After whiffing in Q2, Netflix Inc. (Nasdaq: NFLX) soundly beat its subscriber forecast in Q3, causing shares to rise more than 11% in after-hours trading Tuesday.
Aided by its slate of original programming, Netflix said its global subscriber base surpassed 130 million paid subs, and 137 million overall (free-plus-paid).
Netflix added 1.09 million total subs to its US base for a total of 58.46 million while adding 5.87 million internationally, extending that total to 78.64 million.
Netflix continues to have trouble getting a grip on the ebb and flow of its global subscription business. While Netflix's Q2 results missed expectations, it underestimated Q3 results, as total net adds of 7 million subscribers, up 31% from a year ago, was well above its forecast of 5 million for the period. Netflix's Q3 subscriber results were a record for the OTT service. (See Netflix Is Growing, but Don't Ask by How Much.)
In its Q3 letter to shareholders (pdf), Netflix blamed the variance on greater-than-expected customer acquisitions globally, including solid growth in Asia.
For Q4, Netflix is predicting paid net adds of 7.6 million and total net adds of 9.4 million.

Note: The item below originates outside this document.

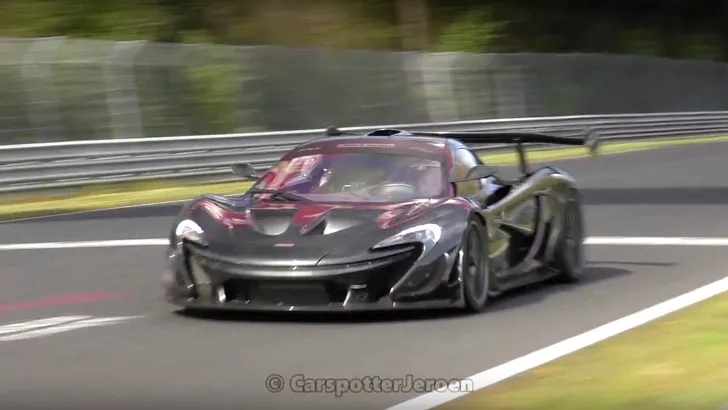 McLaren P1 GT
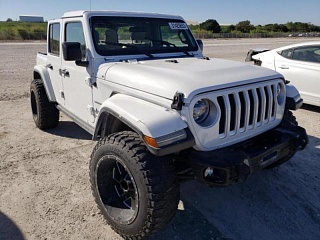 JEEP WRANGLER UNLIMITED SPORT 2018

And Netflix signaled that there's some change coming with how it reports subscriber results as part of an effort to improve its prediction capabilities. Starting in Q4, it will put more emphasis on paid net adds, noting that those results are "more steady" while totals that factor in free trials tend to skew the numbers.
By way of example, Netflix's Q2 paid net adds was off by 11%, versus a 17% variance for total net additions that were forecast. With that in mind, Netflix will only guide to paid memberships, starting with earnings to be posted in January 2019, and, in 2020, will stop to report its end-of-quarter free trial count.
Netflix is also adjusting its content output to comply with some international rules. The European Union is rewriting its audio-visual rules in a way that will eventually require subscription streaming services to devote a minimum of 30% of their catalog to European works.
"We anticipate being able to meet these requirements by evolving our content offering," Netflix said.
"Overall, this was a strong quarter for the company," independent industry analyst Paolo Pescatore noted in his reaction to Netflix's bounce back, adding that Netflix's strong international growth is encouraging.
But he also believes that, despite a return to normalcy, Netflix will need to lean on its growing list of distribution partners, which increasingly include cable operators.
"Normal service has been restored… This was a key quarter for the company following the challenges of the prior one which was a one-off and largely down to seasonality," he said, noting that Netflix, given the rising level of streaming competition it's facing, will need to "rely more than ever on its extensive cable and telco relationships."